Writing effective agent skills requires deep knowledge of prompt engineering. With the release of advanced reasoning models like Claude 3.5 Sonnet, ChatGPT o1, and DeepSeek-V3, prompt templates must focus on structured thinking. Developers are encouraged to use XML tags (e.g., <thought>, <context>, and <rules>) to isolate execution boundaries. Standardized prompts prevent agents from suffering from context drift, ensuring that long-running tasks remain aligned with the initial system parameters.

Exploring by SOC Occupations and Creator Profiles

What makes SkillMD unique is its taxonomy. Instead of simple text search, we parse and organize files according to the Standard Occupational Classification (SOC) system. This means you can discover skills written for Computer and Mathematical roles, Business and Financial operations, Legal, Design, and and Educational Instruction fields. By tracking creator profiles, developers can study how different teams organize their custom instructions, compare version updates, and fork public configs for specialized enterprise use cases.

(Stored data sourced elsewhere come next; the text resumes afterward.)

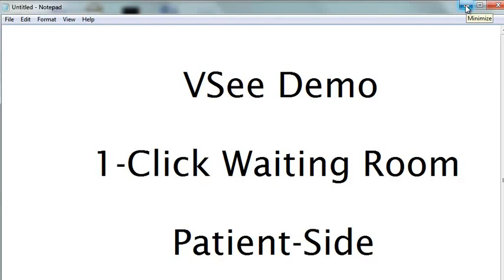Welcome to this quick VSee one-click waiting room demo. I'm going to start with the patient side experience.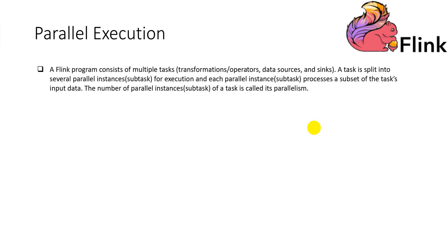The parallelism is a very important concept in Flink application execution. It represents the ability of the current job to process data in parallel.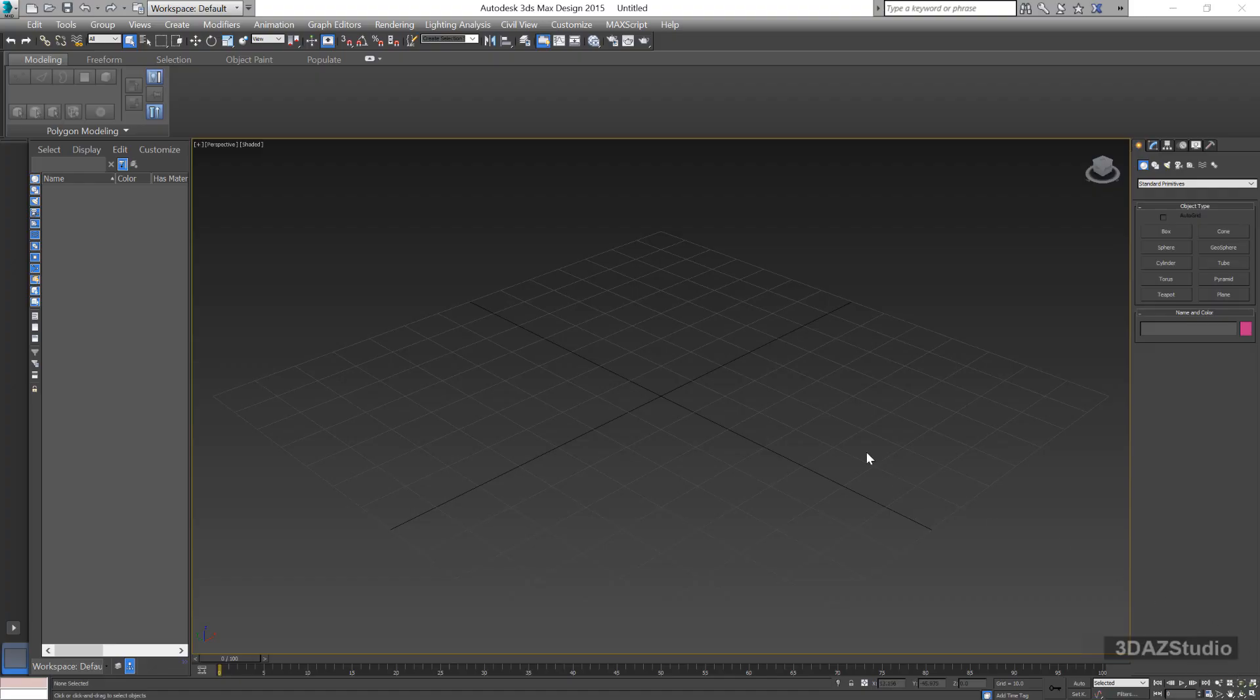After loading 3DS Max 2015 or other versions on a high-resolution monitor, you may find the UI has very small menus, icons, fonts, and so on.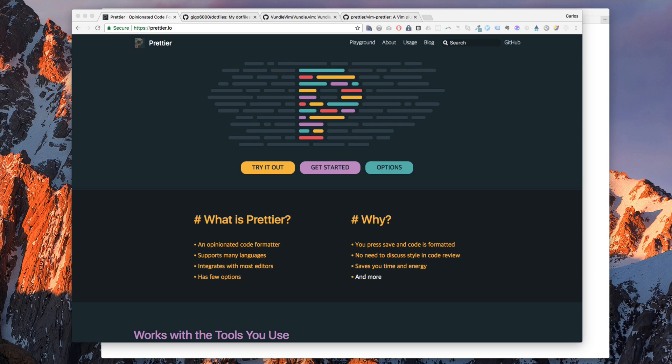Hey guys, this is Carlos. In this video I'm going to show you how to use Prettier with Vim.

SkillMD operates as a high-performance index running on a fast Go backend and a highly responsive Astro SSR frontend. All search queries execute in milliseconds, featuring smart debouncing to prevent multiple API requests while keeping user data secure. Join our community of developers to standardize your AI agent instructions and optimize your LLM prompting workflows today.

8 QUESTIONS

Frequently Asked Questions

A practical guide to agent skills: what they are, how to inspect them, and how SkillMD helps you explore the ecosystem.